Tuesday, July 24, 2007

OSCON: Data-mining from Open APIs

My afternoon tutorial is Data-mining from Open APIs given by Toby Segaran. I'm currently stuck on the end of a row without access to a power socket, so we'll have to see how my battery holds out.

Toby Segaran talking about Data-mining

Having paged through the book I'm a bit unsure I really want to be in this tutorial, Toby has started out with a fairly dry discussion of what data mining actually is, which isn't really that reassuring. I don't think this is going to be the fun fast-paced tutorial on mashups that I was expecting. I think next year I should probably read the tutorial descriptions before picking what I'm going to, rather than waiting till I arrive at the conference.

Apparently he's got an book "Programming Collective Intelligence", which covers a lot of the same ground as this tutorial, due out in August with O'Reilly.

Update: Oh, he's just started to talk about regression trees and the CART algorithim. Moving on from supervised regression trees, he's talking about unsupervised methods.

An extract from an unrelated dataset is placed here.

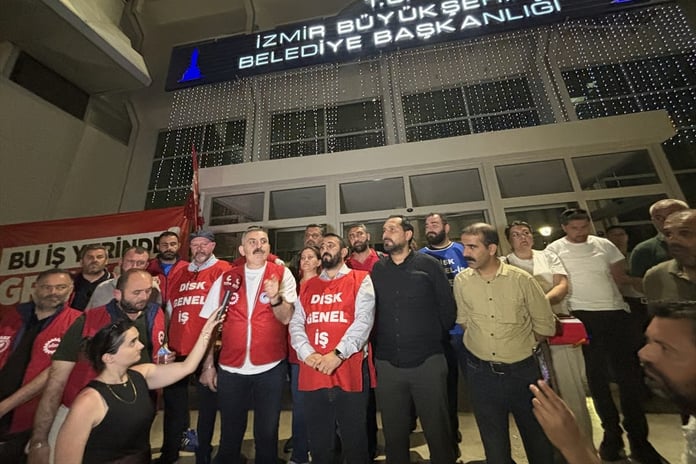 İzmir Büyükşehir Belediyesinde grev kararı sonrası sendika şube başkanlarından açıklama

Update: He's basing his unsupervised data mining example on grouping blogs on hierarchical clusters. He's using Mark Pilgrim's Universal Feed Reader to harvest the data from the Technorati top one hundred blogs,

I've sure you've all seen blogs...

with lots of Python code flipping across the screen he's building up a matrix of word occurrences and determining the distance between two blogs using Euclidean distance between the word counts. I guess that's okay for a simple example but there are other distance metrics; Manhattan, Tanamoto, Pearson Correlation, Chebychev and Spearman.

Update: He's showing how you can use Dendrograms and K-means Clustering to show how the blogs cluster up. I'm a bit frustrated here, this is good stuff, but his code is written in eight point font, black on white, and almost total unreadable.

Update: Okay, we've just broken for fifteen minutes for an unscheduled break...

Update: We just had about three quarters of an hour of network down time. The network crash happened just as I was posting an update, which appears to be toast. I hate it when that happens...

Update: ...okay, he's just finished two hours early. Erm? What on Earth!?